ESPN anchor Steve Levy accepted the challenge by Boston College football coach Steve Addazio and posted his 50-second video to Twitter on Aug. 7. Others cited golfer Rickie Fowler and motocross racer Jeremy McGrath as early adopts of the campaign. Wherever it started, it’s been a boon to ALS Association.
Since July 29 through Monday (Aug. 12), the national office and its 38 chapters nationwide have seen revenues of $4 million in donations from 70,000 new donors, according to ALS spokeswoman Carrie Munk. That compares with $1.1 million for the same period last year, she said. UPDATE: ALS Association has updated fundraising figures as of Wednesday morning, now at almost $5.7 million from more than 100,000 new donors.
“We started hearing about it more early last week and it’s grown every day so far,” Munk said. As of Friday, the national office had reported donations of about $300,000, which grew to $1.35 million by Monday and another $1 million overnight into Tuesday, totaling almost $2.4 million.
The ALS Association’s national office in Washington, D.C., reported total revenue last year of $24 million with expenses of $21 million, according to tax forms for the year ending January 31.
The challenge has been around and Munk has seen some instances where people have selected other charities not related to ALS, such as Today’s Matt Lauer making a donation to Hospice of Palm Beach County.
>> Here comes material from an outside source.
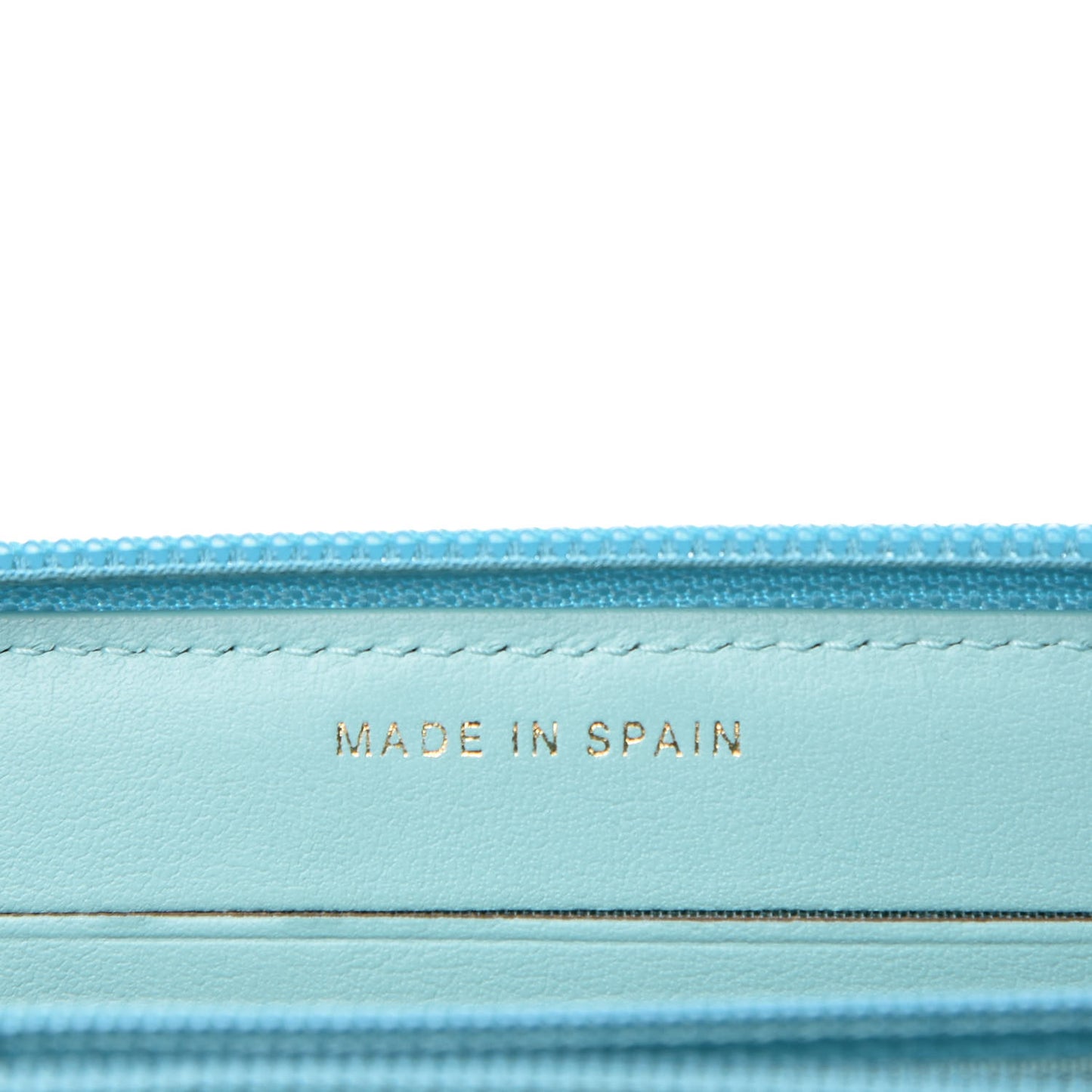 Caviar Quilted Small Boy Zip Around Wallet Light Blue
“It started so organically… People really responded to that. Second, it’s just a fun, easy thing to do, to feel good about,” Munk said. “It is pretty amazing how much it’s taken off,” she said.
Munk said there is no fundraising goal for the challenge. “We’re just so incredibly grateful for the donations that have come in. It will eventually lose steam and we’re thrilled that it’s energized” people around the country.